The need for biomass fuel has been steadily climbing over the past few years. In the past coal was used for factories before moving over to biomass fuel which used wood in order to better protect the environment. However, while wood may be renewable it takes years for a tree to grow. But Prairie Clean Energy is pitching a new idea to farmers during a town hall meeting taking place tonight.
"It's a carbon-neutral fuel that is better for the environment and burns cleaner and is more efficient than most fuel sources," said Mark Cooper, the president of Prairie Clean Energy. "Wood fuel is not very sustainable. You have to cut down forests or find scrap wood. All those challenges. Turns out on the prairies, specifically in Saskatchewan, we grow a fuel even better than wood. And that's flax straw."
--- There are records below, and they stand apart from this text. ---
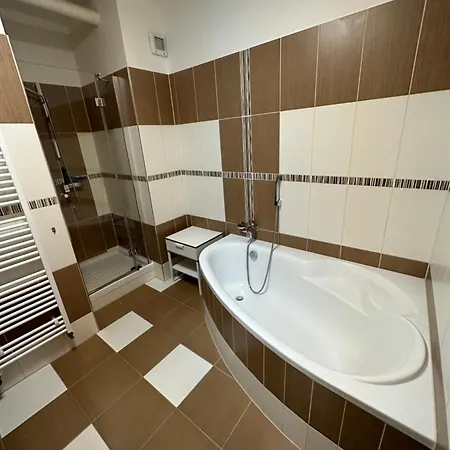 City Center Free Private Parking Apartman České Budějovice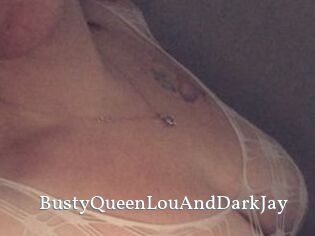 BustyQueenLouAndDarkJay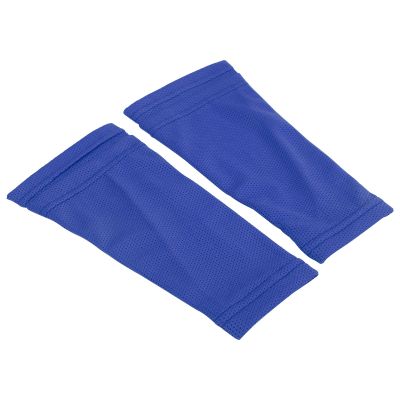 bizofft Soccer Shin Guard Socks, Breathable Shin Sleeves Shin Pad Sleeves Soccer Shin Guard for Hiking for Football Training for Running for Cycling(Youth/M)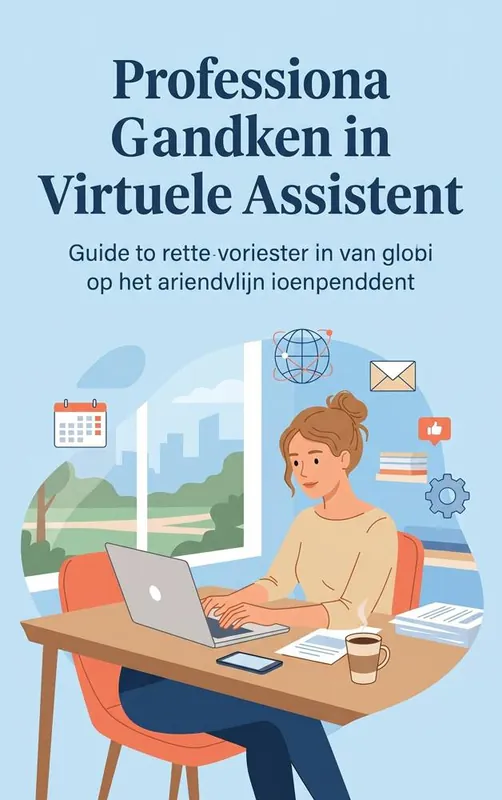 Laatste Versie Hoe Word Je een Virtuele Assistent / Druk 1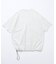 別注 ビッグシルエット ヘムコード ポケットTシャツ / 吸湿速乾 【限定展開】
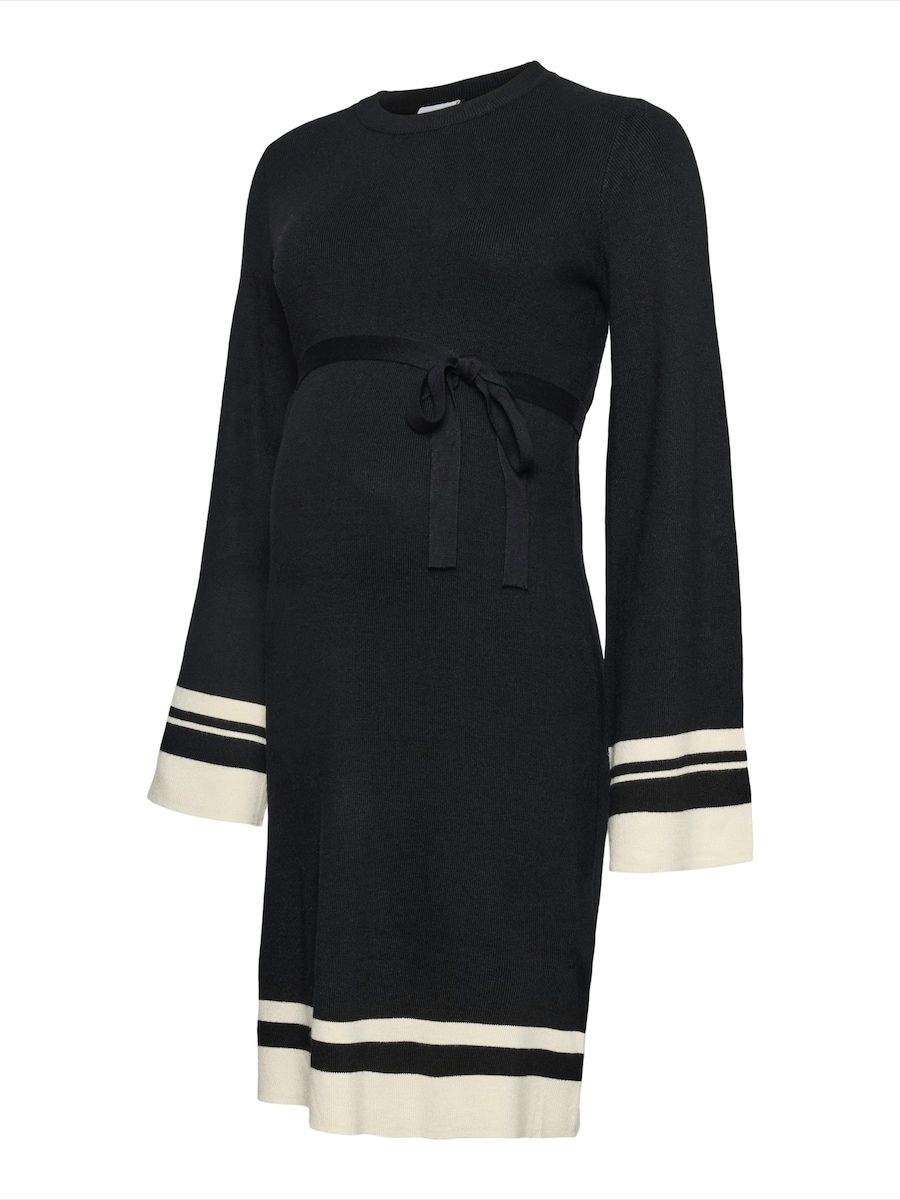 Вязаное платье MAMALICIOUS MLSOLA, черный
Вязаное платье MAMALICIOUS MLSOLA, черный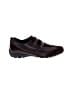Ecco 100% Leather Brown Sneakers Size EU 40 - photo 1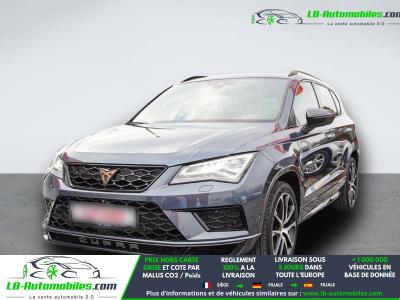 Cupra Ateca 2.0 TSI 300ch BVA 4Drive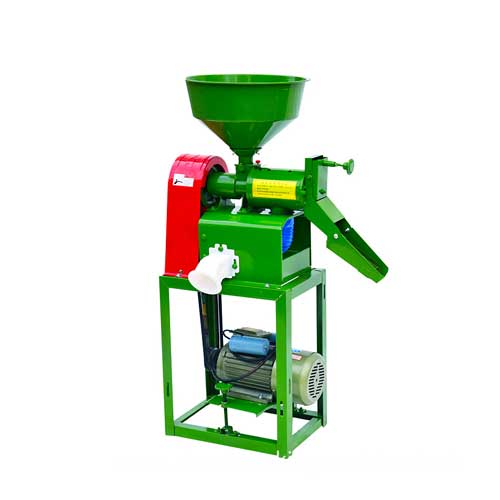 Rice Processing Equipment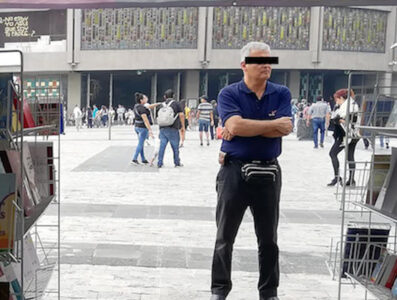 La mafia que encubre al depredador sexual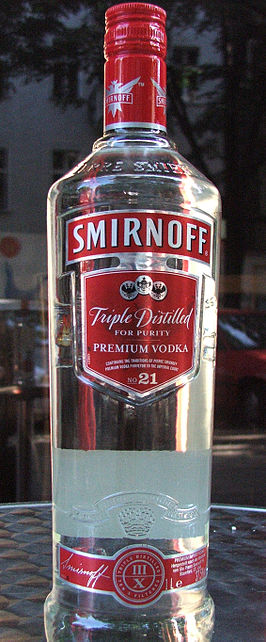 Smirnoff Red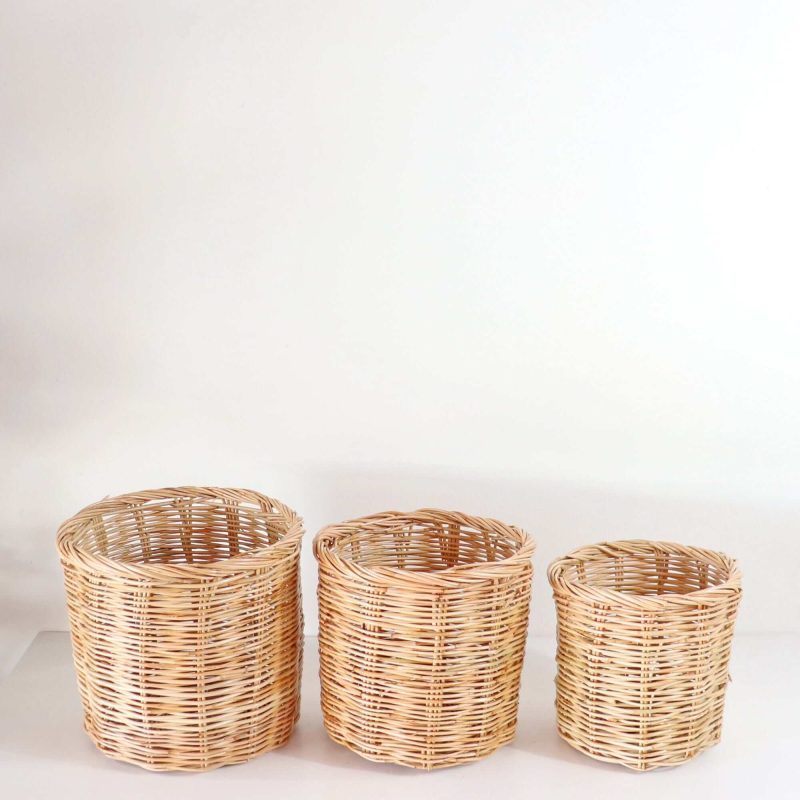 baskets trays danika storage basket 32038110691525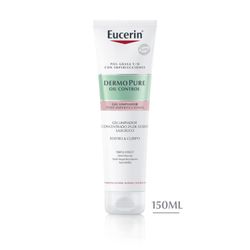 Gel Limpieza Eucerin Dermo Pure Triple Effect 150 ml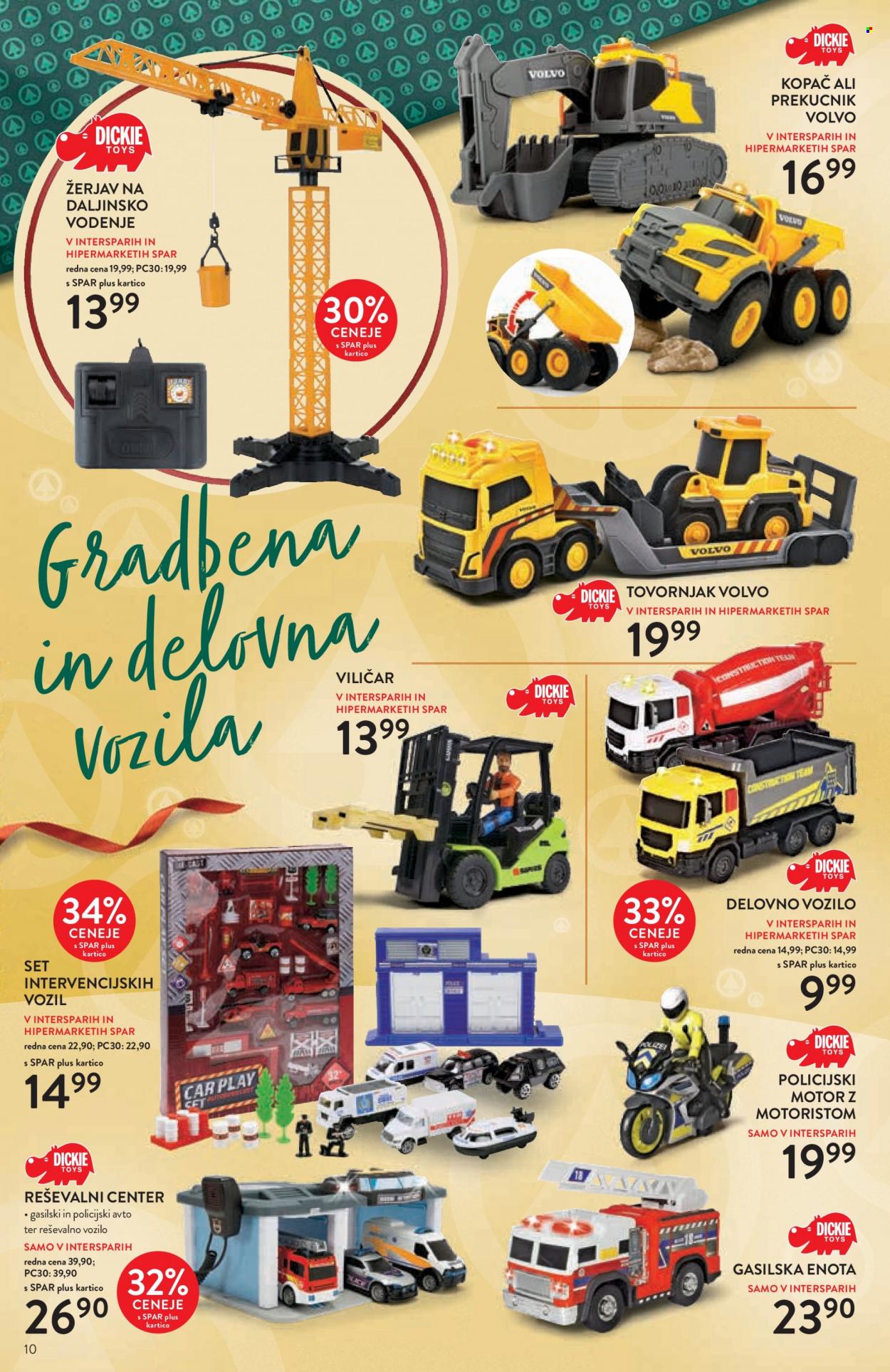 INTERSPAR katalog - 8.11.2023 - 31.12.2023. Stran 10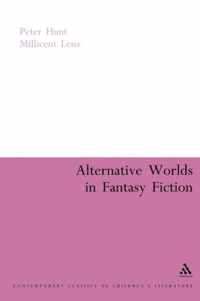 Alternative Worlds In Fantasy Fiction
Flax straw is often burned at the end of harvest as there is no current use for it. Cooper says they can purchase the flax straw from farmers and convert it into biomass fuel that they can then work to sell to factories that can use it.
Cooper says there are around 4000 plants that require biomass fuel in the world right now, and this number is expected to grow around 60% in the coming years. A majority of these plants are located in Europe and Asia, however, North America has some as well.
"They need cleaner sources of energy and biomass is one of the best options out there," Cooper added. "So why not take advantage of fuel sources as we have right here in Saskatchewan to make the world a greener place."
The flax straw would be purchased from farmers, converted into biomass fuel, and sold to factories that need them. This provides farmers with additional income while boosting the economy, says Cooper.
There will be a presentation in Weyburn tonight where farmers will be able to listen in and discuss what is being proposed by the company.